** Task inputs **
________
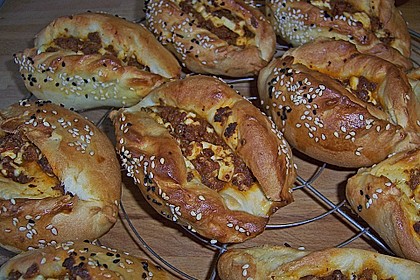 Türkische Hefeteilchen 28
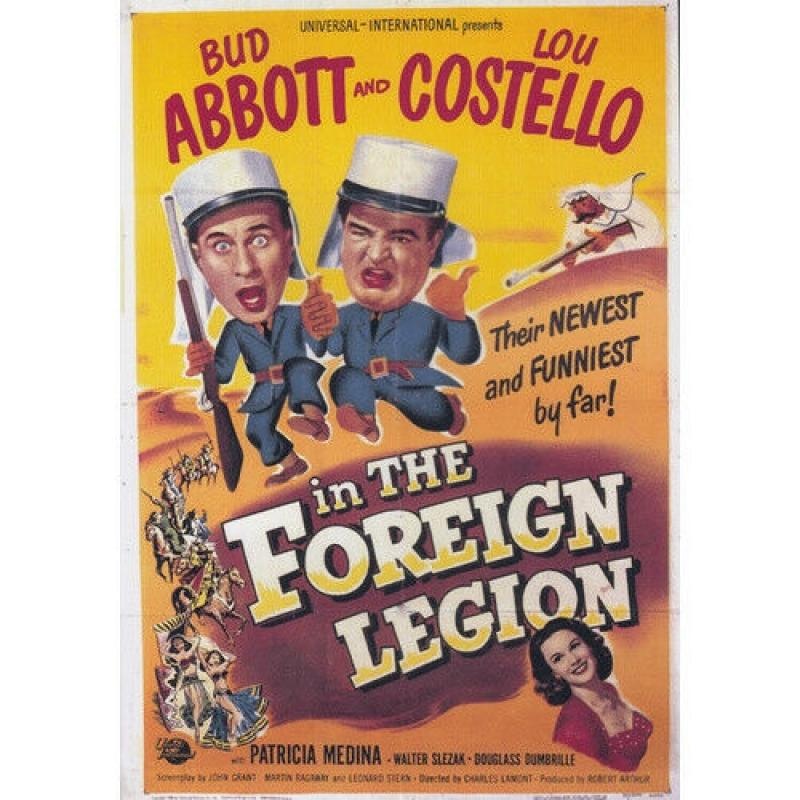 Abbott and Costello In The Foreign Legion (Mod Dvd)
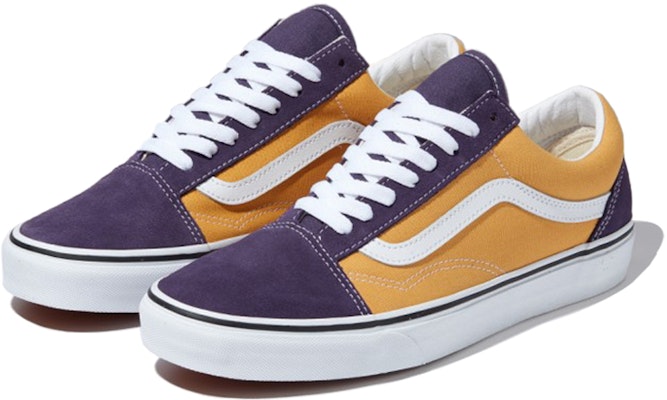 Vans Old Skool 'Dua Warna - Kuning Emas Ungu' VN0A4U3B21F Lookbook Vans Old Skool 'Dua Warna - Kuning Emas Ungu' VN0A4U3B21F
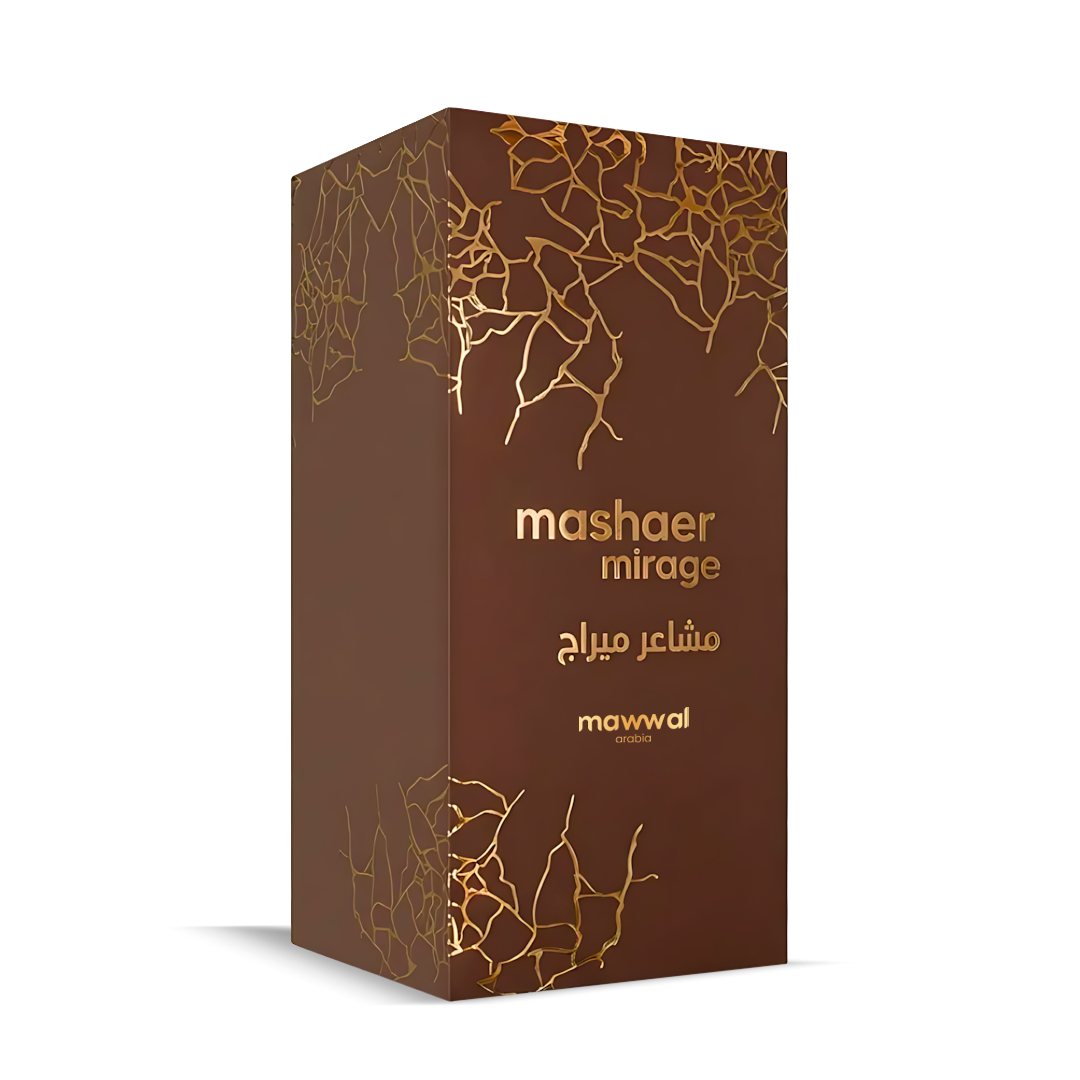 Mawwal Sense Mashaer Mirage for Women 100ml Eau de Parfum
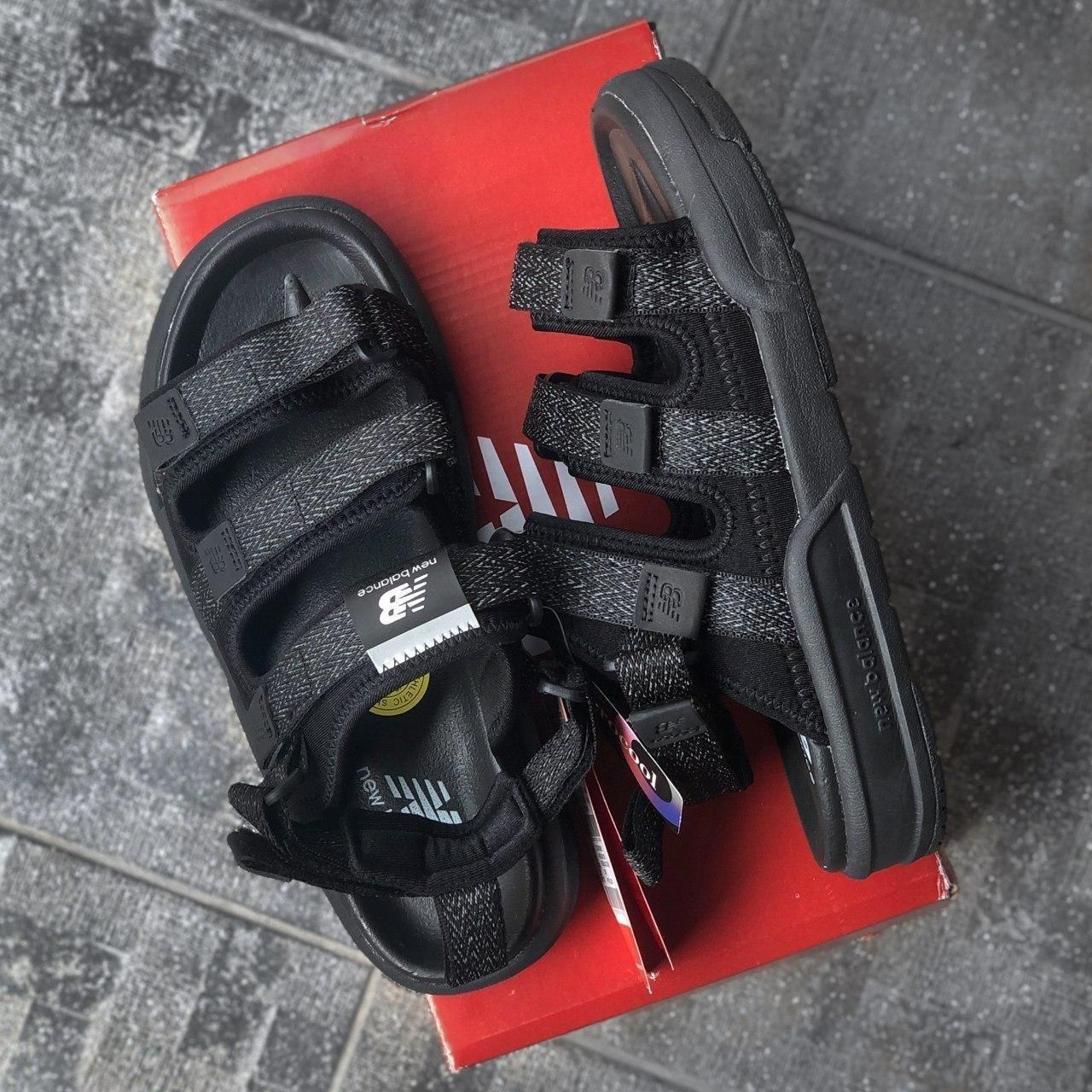 New Balance Black Sandals | сандалии / босоножки мужские; черные / Reflective; летние 44eur - 27.5cm, Черный
New Balance Black Sandals | сандалии / босоножки мужские; черные / Reflective; летние 44eur - 27.5cm, Черный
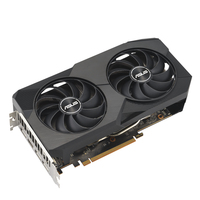 ASUS Dual -RX6600-8G-V2 - Radeon RX 6600 - 8 GB - GDDR6 - 128 Bit - 7680 x 4320 Pixel - PCI Express 4.0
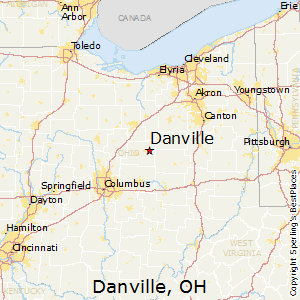 Best Places to Live in Danville, Ohio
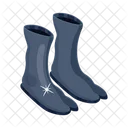 Botas Ninja Sapatos Ninja Calcados Icon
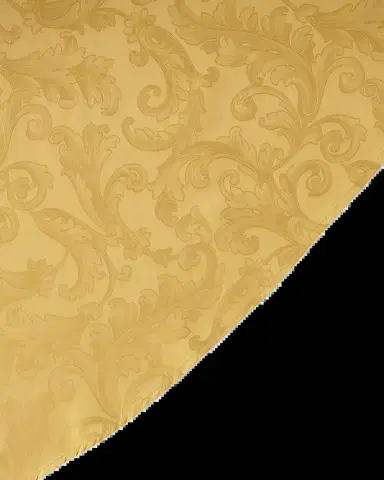 Sferra Acanthus Jacquard Round Tablecloth, 104 "Dia | Thumbnail 2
________
** How to complete this task **
Repeat every entry above exactly as written and omit any pictures it holds.

** Task response **
 Türkische Hefeteilchen 28
 Abbott and Costello In The Foreign Legion (Mod Dvd)
 Vans Old Skool 'Dua Warna - Kuning Emas Ungu' VN0A4U3B21F Lookbook Vans Old Skool 'Dua Warna - Kuning Emas Ungu' VN0A4U3B21F
 Mawwal Sense Mashaer Mirage for Women 100ml Eau de Parfum
 New Balance Black Sandals | сандалии / босоножки мужские; черные / Reflective; летние 44eur - 27.5cm, Черный
New Balance Black Sandals | сандалии / босоножки мужские; черные / Reflective; летние 44eur - 27.5cm, Черный
 ASUS Dual -RX6600-8G-V2 - Radeon RX 6600 - 8 GB - GDDR6 - 128 Bit - 7680 x 4320 Pixel - PCI Express 4.0
 Best Places to Live in Danville, Ohio
 Botas Ninja Sapatos Ninja Calcados Icon
 Sferra Acanthus Jacquard Round Tablecloth, 104 "Dia | Thumbnail 2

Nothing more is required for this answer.